→ **Stored items from a collection**
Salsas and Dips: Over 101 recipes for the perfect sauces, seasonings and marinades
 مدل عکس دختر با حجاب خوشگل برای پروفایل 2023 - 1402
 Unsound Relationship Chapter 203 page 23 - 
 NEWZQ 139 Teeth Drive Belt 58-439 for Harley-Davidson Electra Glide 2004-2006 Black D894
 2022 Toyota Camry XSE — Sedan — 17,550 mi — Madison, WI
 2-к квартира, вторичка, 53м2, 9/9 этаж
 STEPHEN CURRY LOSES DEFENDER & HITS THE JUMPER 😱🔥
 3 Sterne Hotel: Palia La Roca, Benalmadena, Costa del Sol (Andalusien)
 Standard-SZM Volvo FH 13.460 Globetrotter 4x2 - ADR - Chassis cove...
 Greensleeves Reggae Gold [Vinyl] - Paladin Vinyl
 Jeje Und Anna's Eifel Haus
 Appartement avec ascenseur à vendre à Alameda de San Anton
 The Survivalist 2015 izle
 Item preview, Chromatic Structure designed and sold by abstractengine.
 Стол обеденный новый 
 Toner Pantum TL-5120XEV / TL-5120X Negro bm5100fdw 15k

→ **Exercise goal**
From the first line to the last, copy every record exactly.

→ **Solution for this exercise**
Salsas and Dips: Over 101 recipes for the perfect sauces, seasonings and marinades
 مدل عکس دختر با حجاب خوشگل برای پروفایل 2023 - 1402
 Unsound Relationship Chapter 203 page 23 - 
 NEWZQ 139 Teeth Drive Belt 58-439 for Harley-Davidson Electra Glide 2004-2006 Black D894
 2022 Toyota Camry XSE — Sedan — 17,550 mi — Madison, WI
 2-к квартира, вторичка, 53м2, 9/9 этаж
 STEPHEN CURRY LOSES DEFENDER & HITS THE JUMPER 😱🔥
 3 Sterne Hotel: Palia La Roca, Benalmadena, Costa del Sol (Andalusien)
 Standard-SZM Volvo FH 13.460 Globetrotter 4x2 - ADR - Chassis cove...
 Greensleeves Reggae Gold [Vinyl] - Paladin Vinyl
 Jeje Und Anna's Eifel Haus
 Appartement avec ascenseur à vendre à Alameda de San Anton
 The Survivalist 2015 izle
 Item preview, Chromatic Structure designed and sold by abstractengine.
 Стол обеденный новый 
 Toner Pantum TL-5120XEV / TL-5120X Negro bm5100fdw 15k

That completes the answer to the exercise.